Princesse Dou-Wan ! Orchidée ne répondait plus à ce nom depuis bien longtemps ! Exactement depuis ce jour, vieux de cinq ans, où Ts’eu-hi décidait qu’une Altesse, associée à une fille du peuple, quitterait la Cité Interdite et ses robes de satin pour s’infiltrer au cœur même du quartier des Légations, mêlée à la tourbe terrifiée des adorateurs chinois d’un dieu nommé Christ qui se pressait déjà pour demander aux armes des Blancs de la défendre du juste courroux des « Poings de Justice et de Concorde ». Il est vrai qu’il s’agissait d’une affaire grave : l’homme que l’Impératrice tenait pour le plus cher à son cœur, son cousin le prince Jong-Lu dont on chuchotait qu’il avait été son amant, cet homme entre tous aimé s’était oublié jusqu’à offrir à une jeune barbare dont il convoitait le corps blême le talisman offert autrefois par sa souveraine afin de le protéger de la mauvaise chance et des esprits néfastes.
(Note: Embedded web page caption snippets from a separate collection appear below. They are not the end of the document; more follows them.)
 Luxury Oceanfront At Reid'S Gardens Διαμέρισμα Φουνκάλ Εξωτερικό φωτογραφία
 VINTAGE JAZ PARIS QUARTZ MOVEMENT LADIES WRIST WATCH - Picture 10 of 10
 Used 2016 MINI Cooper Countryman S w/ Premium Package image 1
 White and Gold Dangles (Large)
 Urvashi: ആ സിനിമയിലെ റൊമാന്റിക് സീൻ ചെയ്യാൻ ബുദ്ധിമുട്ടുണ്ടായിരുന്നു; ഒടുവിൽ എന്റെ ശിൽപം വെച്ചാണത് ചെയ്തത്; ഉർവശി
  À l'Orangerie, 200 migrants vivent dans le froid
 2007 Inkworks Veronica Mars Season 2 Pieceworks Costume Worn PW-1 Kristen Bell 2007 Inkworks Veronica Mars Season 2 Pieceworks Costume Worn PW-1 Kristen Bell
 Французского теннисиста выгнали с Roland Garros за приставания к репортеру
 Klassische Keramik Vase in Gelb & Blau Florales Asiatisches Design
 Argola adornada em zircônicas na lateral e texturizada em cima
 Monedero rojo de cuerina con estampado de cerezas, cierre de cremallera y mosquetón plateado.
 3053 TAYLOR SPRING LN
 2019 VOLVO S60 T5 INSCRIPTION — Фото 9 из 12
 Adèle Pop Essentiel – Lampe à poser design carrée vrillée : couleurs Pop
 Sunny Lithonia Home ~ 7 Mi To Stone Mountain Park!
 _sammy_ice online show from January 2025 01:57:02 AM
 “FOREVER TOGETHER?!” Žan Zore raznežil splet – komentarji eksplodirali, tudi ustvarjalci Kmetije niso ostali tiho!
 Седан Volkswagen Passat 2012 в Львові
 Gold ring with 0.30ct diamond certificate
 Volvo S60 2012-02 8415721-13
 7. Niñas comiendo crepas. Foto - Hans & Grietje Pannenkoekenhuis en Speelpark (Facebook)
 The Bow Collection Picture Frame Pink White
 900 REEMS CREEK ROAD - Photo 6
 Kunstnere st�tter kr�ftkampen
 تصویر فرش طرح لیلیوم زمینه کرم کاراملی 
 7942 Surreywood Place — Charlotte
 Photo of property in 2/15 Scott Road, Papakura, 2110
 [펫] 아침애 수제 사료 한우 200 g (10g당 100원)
Il fallait impérativement retrouver le joyau et punir de mort celle qui osait s’en parer.

Le souvenir de l’instant où elle s’était trouvée investie de cette mission, Orchidée l’avait enfoui assez profondément dans sa mémoire pour espérer l’oublier. Il aurait dû normalement s’y dissoudre sans risque de troubler le cours harmonieux des jours. Ce qu’il n’avait pas fait. À présent, il reparaissait cruel et mordant comme une épine que l’on n’a pas extirpée et qui commence à pourrir. Orchidée aimait jadis l’Impératrice et sans doute l’aimait-elle encore. Avec le temps, seul subsistait le souvenir de ses bienfaits.

La scène se passait dans les jardins du palais, à l’ombre du temple appelé Tour de la Pluie et des Fleurs dont le toit rayonnait, soutenu par des piliers d’or enlacés de dragons. Ts’eu-hi se tenait assise sur un banc auprès d’un buisson de jasmin dont quelques blancs pétales s’étaient posés sur le satin abricot de sa robe. Elle ne faisait pas un geste et gardait le silence mais des larmes lentes glissaient sur ses joues. C’était la première fois que sa jeune compagne la voyait pleurer et ce désespoir muet la bouleversa. S’agenouillant sur le sable violet de l’allée, elle demanda humblement s’il était en son pouvoir d’apporter un adoucissement à tant de douleur. Ts’eu-hi, alors, soupira :

— La paix n’habitera plus mon cœur tant que le Lotus de jade ne sera pas revenu entre mes mains. Veux-tu m’aider à le retrouver ?

— Je n’ai aucun pouvoir, Vénérable…

— C’est une grande erreur. Tu possèdes celui que donnent la jeunesse, l’intelligence, l’agilité et l’adresse. La maîtresse des « Lanternes rouges » que j’ai appelée ce matin a déjà établi un plan. Elle propose, pour sa réalisation, une de ses filles nommée Pivoine. La connais-tu ?

— Je la connais. C’est peut-être la meilleure d’entre nous. Elle est habile à tous les exercices du corps mais aussi astucieuse, cruelle et sans aucun scrupule. Puis-je dire que je ne l’aime pas ?

L’Impératrice tira de sa manche un mouchoir de soie et tamponna d’un geste gracieux les pleurs qui s’attardaient sur son visage artistement peint. Ensuite, elle sourit :

— Tu le peux. Cependant, j’aimerais que tu l’accompagnes dans sa mission justement parce qu’elle est sans scrupules et ne m’inspire pas vraiment confiance. En outre, le Lotus ne saurait me revenir sur des mains vulgaires. Les tiennes me conviennent beaucoup mieux et comme tu as voulu, pour me servir, suivre l’entraînement des « Lanternes rouges », il me semble que le moment est venu de prouver ta valeur. En outre, tu es de sang impérial.